Selbst beim Riss aller Bänder muss nicht zwingend operiert werden, das soll aber der Arzt dir empfehlen, entscheiden tust du dann. Die Bänder wachsen bei Ruhigstellung (wenn du denen also die Möglichkeit dazu gibst und die nicht ständig wieder auseinanderziehst) i.d.R. wieder etwas(!) zusammen. Wahrscheinlich nicht völlig und du wirst wahrscheinlich lebenslang eine gewisse Instabilität behalten. Die muss einen im alltäglichen Leben garnicht beeinträchtigen und im Sport nur in gewissen Bewegungs- und Intensitätsbereichen. Schwierig wird evtl. Schlafen auf der betr. Seite. Man kann es auch operieren, aber das ist eine etwas größere Sache: es wird ein Haken eingebracht. Wenn dann alles verheilt ist, kommt der wieder raus (neue OP), was wieder eine Verletzung darstellt. Es gibt auch andere OP-Methoden mit kleinen Ankern oder Schnurstückchen, die sogar im Körper verbleiben können.
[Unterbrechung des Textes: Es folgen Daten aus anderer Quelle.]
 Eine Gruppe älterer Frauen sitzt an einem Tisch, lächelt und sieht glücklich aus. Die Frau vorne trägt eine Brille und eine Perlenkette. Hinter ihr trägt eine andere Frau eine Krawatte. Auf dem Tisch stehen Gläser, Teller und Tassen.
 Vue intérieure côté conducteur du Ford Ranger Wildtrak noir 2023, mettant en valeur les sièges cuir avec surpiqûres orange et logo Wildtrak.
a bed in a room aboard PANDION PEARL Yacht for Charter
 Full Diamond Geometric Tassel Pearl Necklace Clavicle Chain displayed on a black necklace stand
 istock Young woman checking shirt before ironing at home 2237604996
Bei bis zu 2 verletzten Bändern wird i.d.R. nicht operiert, bei 3 Bändern wird es je nach Alter und sportlichem Engagement oder auch beruflicher Belastung entschieden.
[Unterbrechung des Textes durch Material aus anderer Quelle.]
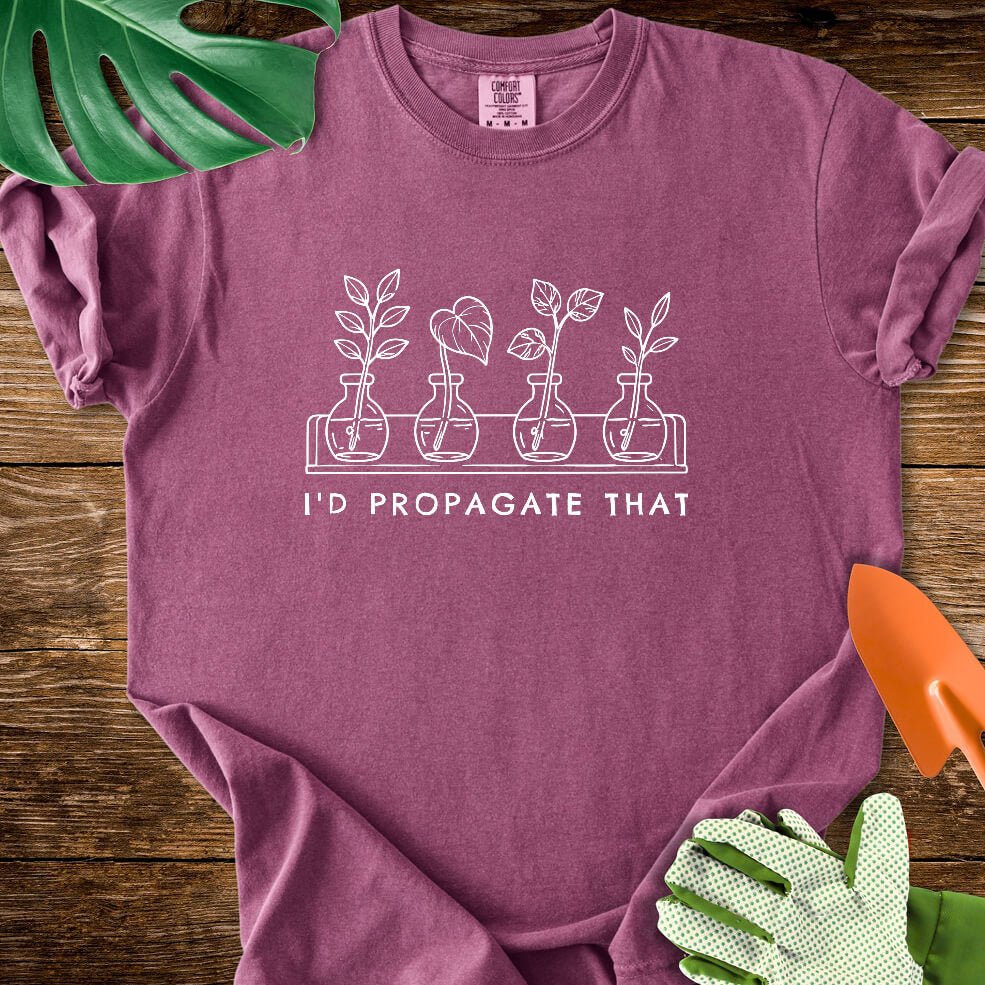 Berry purple Comfort Colors T-shirt with cuttings in propagation bottles beneath "I'd Propagate That".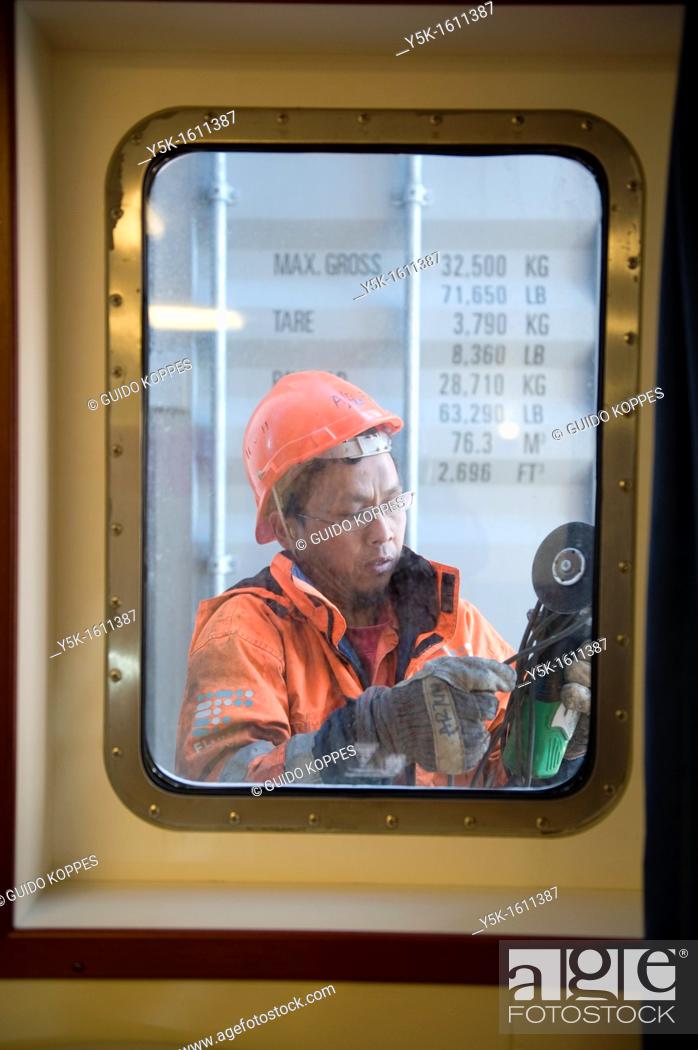 Stock Photo: An Indonesian seaman or sailor on the container-vessel MV Flintercape, during a journey from Rotterdam, Netherlands, to Sundsvall, Sweden.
Zwischen den Knochenenden des Acromions und des Schlüsselbeins ist auch ein kleiner Discus (ähnlich Bandscheibe). Wenn das Gelenk gesprengt wurde, degeneriert der noch schneller (als üblicherweise sowieso) und es erhöht die Gefahr einer späteren Arthrose in diesem Gelenk.

In den ersten 2 Wochen nach dem Unfall solltest du tags und nachts einen Gilchrist-Verband tragen, damit die Stelle ruhig gestellt wird (begünstigt das Zusammenwachsen der Bänder von alleine und verhindert ein Auseinanderreissen evtl. noch vorhandener Bandreste).

Deine Trainingstechnik allgemein (nicht nur an der KB-Maschine) solltest du aber unbedingt mal checken, denn dass man sich an der KB-Maschine eine AC-Gelenkverletzung zuzieht, ist leider schon etwas kurios.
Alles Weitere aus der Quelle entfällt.